Recommendation engine integrated with Mana project RFC

From Koha Wiki
Jump to navigation Jump to search

Recommendation system for OPAC which integrates with the Mana database

Status: unknown
Sponsored by: Catalyst IT
Developed by: Alex Buckley
Expected for: 2017-05-22
Bug number: Bug 18646
Work in progress repository: link(s) to currently published work on this RFC
Description: At present the Koha OPAC does not have a recommendation system which recommends items to patrons, as the Amazon recommendation engine does for example.

This enhancement will implement a recommendation system to Koha.

At this stage of this project I am looking to make the recommendation script use content based filtering rather than collaborative filtering. The former stores specific details about each item, and recommends other items with similar characteristics. Whilst the latter uses the users circulation history to recommend items based on what other users checked out.

The reason I do not want to build a recommendation system that is based on users circulation history is the US Patriot Act and French Law limit the amount of time that users data can be stored. By using a content based filtering this issue appears at this stage to be eliminated. In content based filtering an items details are elicited and a user profile of the key attributes of an item are generated. The former will be generated using a presentation algorithm such as tf-idf.
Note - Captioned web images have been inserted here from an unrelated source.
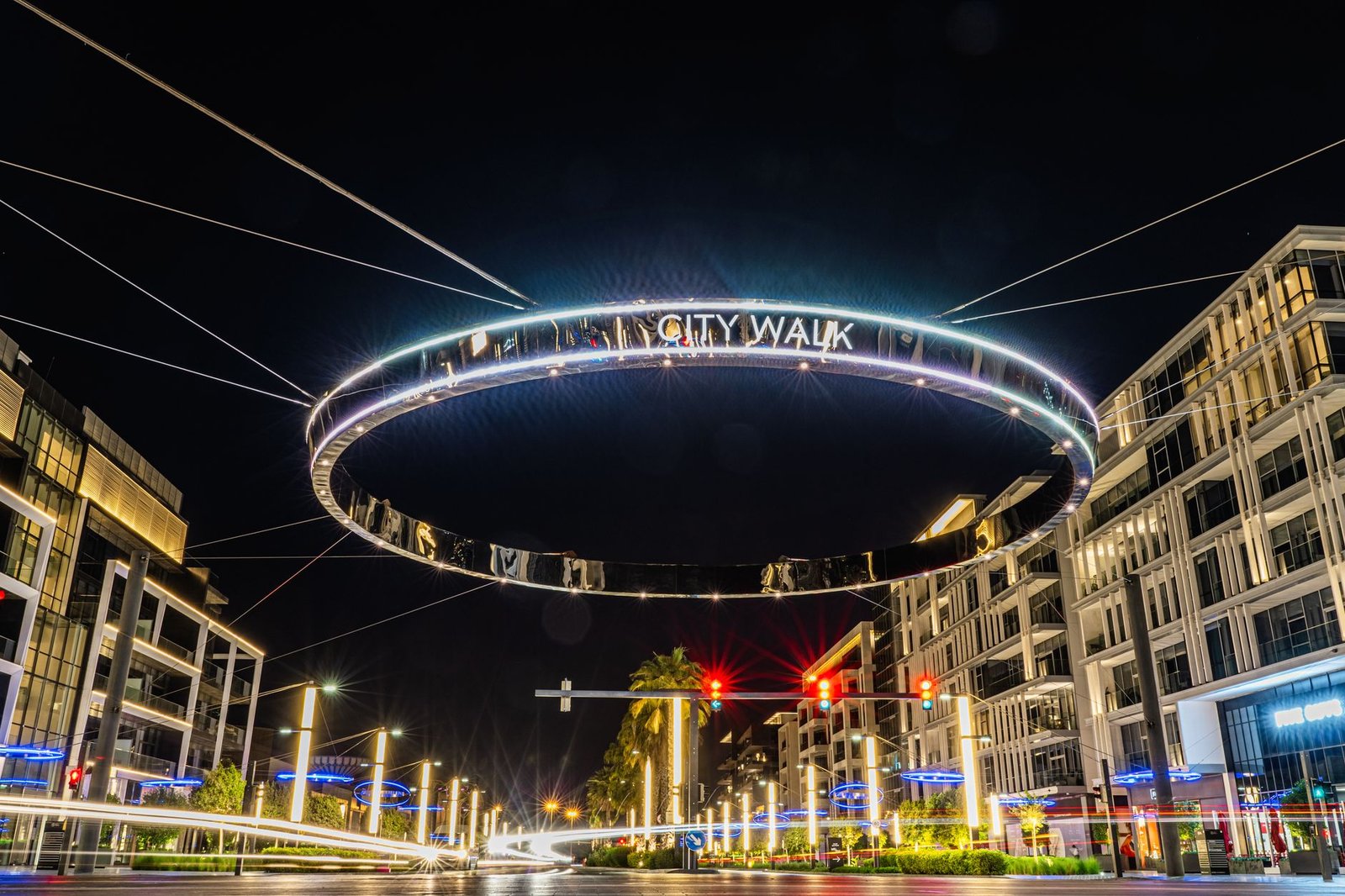 Illuminated City Walk ring sign hanging over a Dubai street at night, with low-rise residential buildings on both sides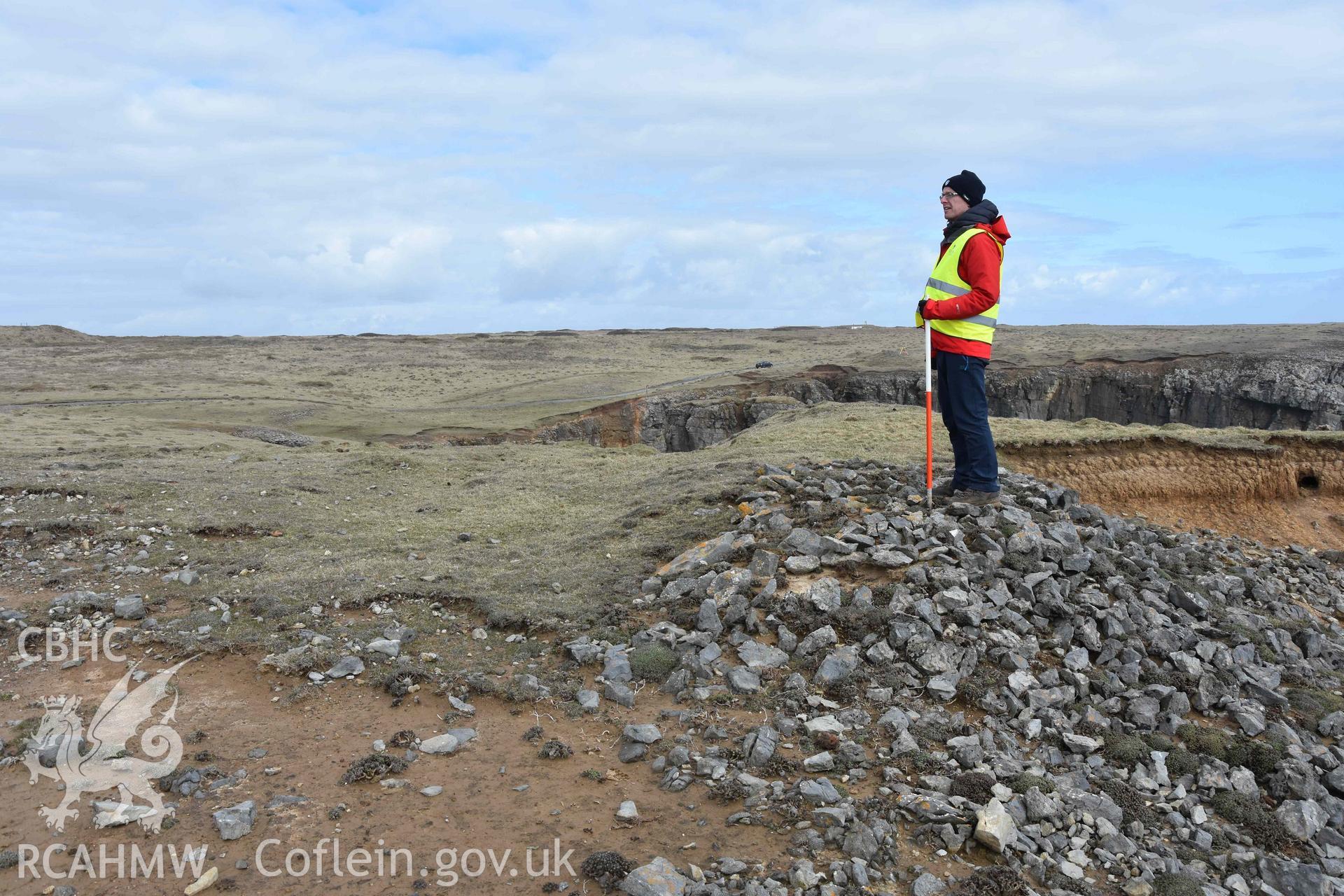 Linney Head Promontory Enclosure 27 March 2018.  Enclosure bank with walling exposed at west end.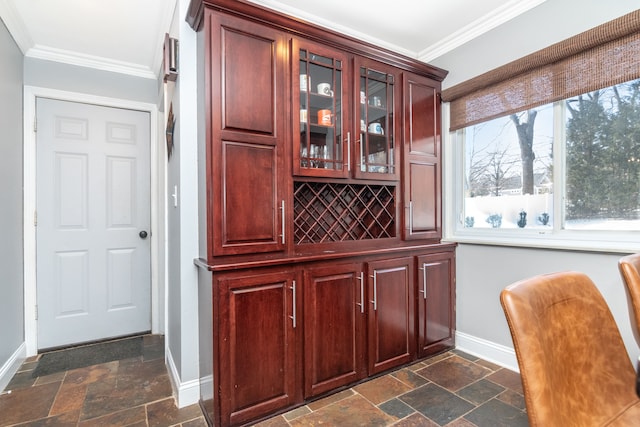 bar with baseboards, ornamental molding, and stone tile flooring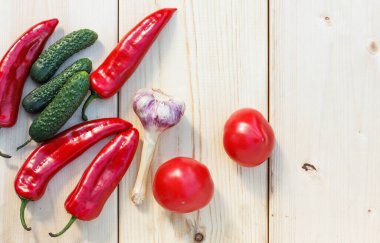 Taze salatalık, kırmızı tatlı paprika ve açık ahşap zemin üzerinde taze sarımsak.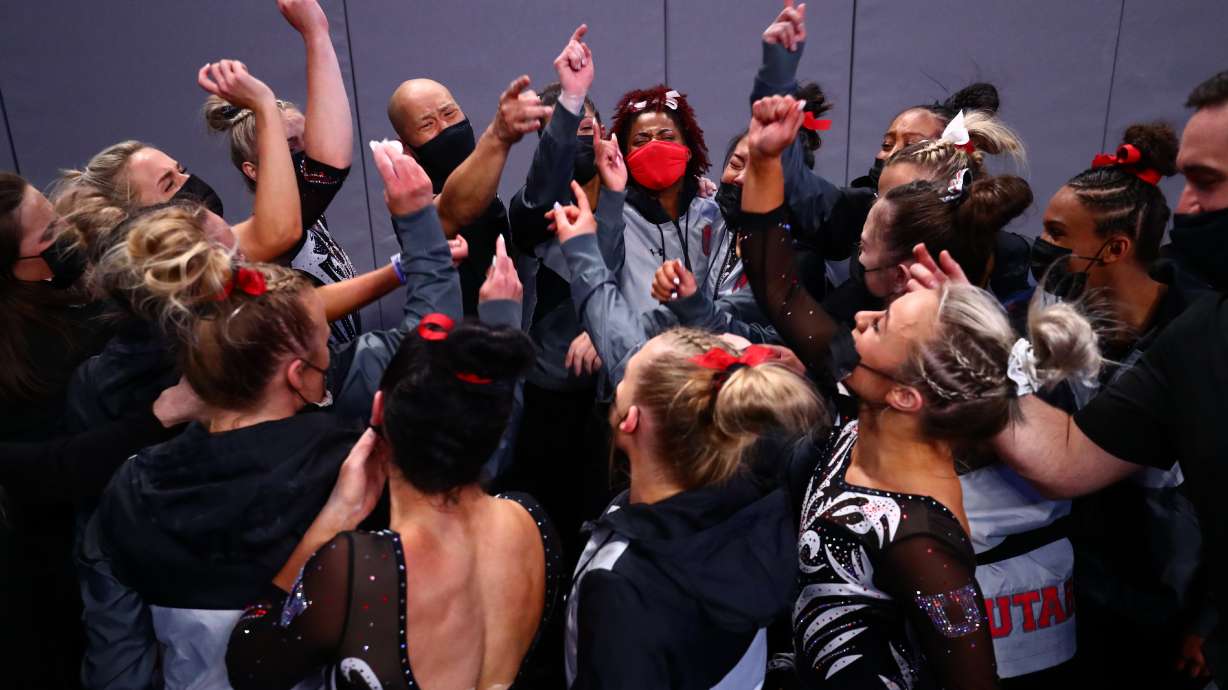 Head coach Tom Farden of the Utah Utes and Cammy Hall of the Utah Utes react to advancing to the national championship final during the Division I Women's Gymnastics Championship held at Dickies Arena on April 16, 2021 in Fort Worth, Texas. (Photo by C. Morgan Engel/NCAA Photos via Getty Images)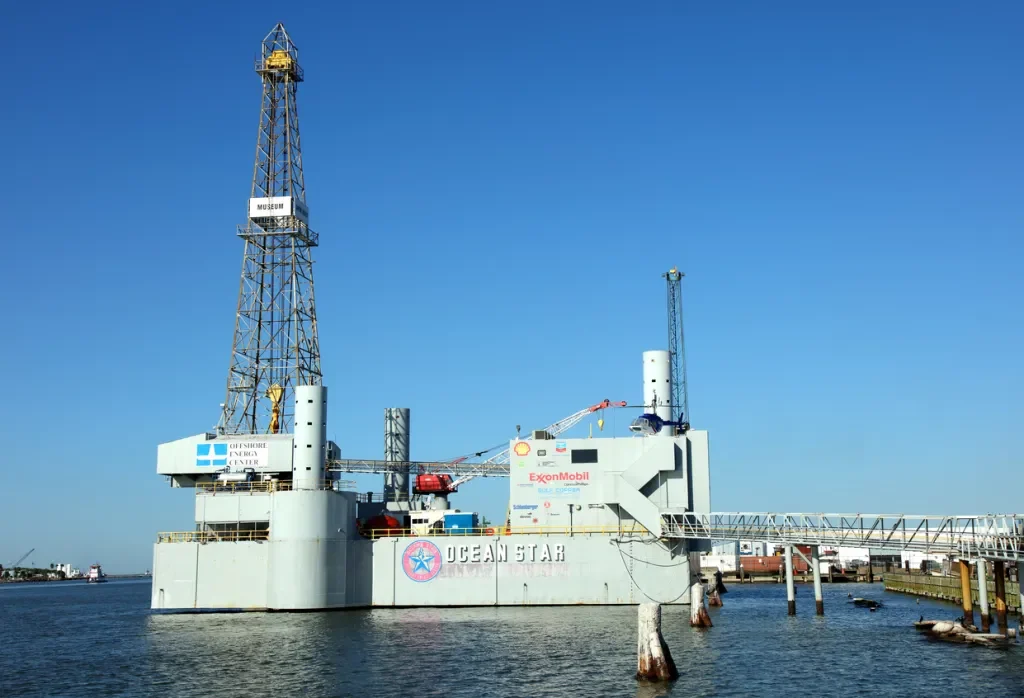Daytime view of the retired jack-up rig set up in the Galveston harbor next to the Strand National Historic Landmark District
Whilst the latter is a combination of “1. A model of the users preference. 2. A history of the user’s interaction with the recommender system” https://en.wikipedia.org/wiki/Recommender_system#Content-based_filtering which creates a profile of the kinds of attributes that users like. These attributes are weighted according to how important they each are to the user. This weighting is generated using machine learning algorithms such as “Bayesian Classifiers, cluster analysis, decision trees, and artificial neural networks” https://en.wikipedia.org/wiki/Recommender_system#Content-based_filtering Because I hope to implement a machine learning algorithm into the content based filtering the greater the data set the more accurate the recommendation system becomes and so the aim is to integrate the recommendation system with the Mana system global database.

I would also like to take user ratings into account in the content based filtering, as they can impact the attribute weightings of the user profiles. The user profiles and item attributes will be stored persistently in the database.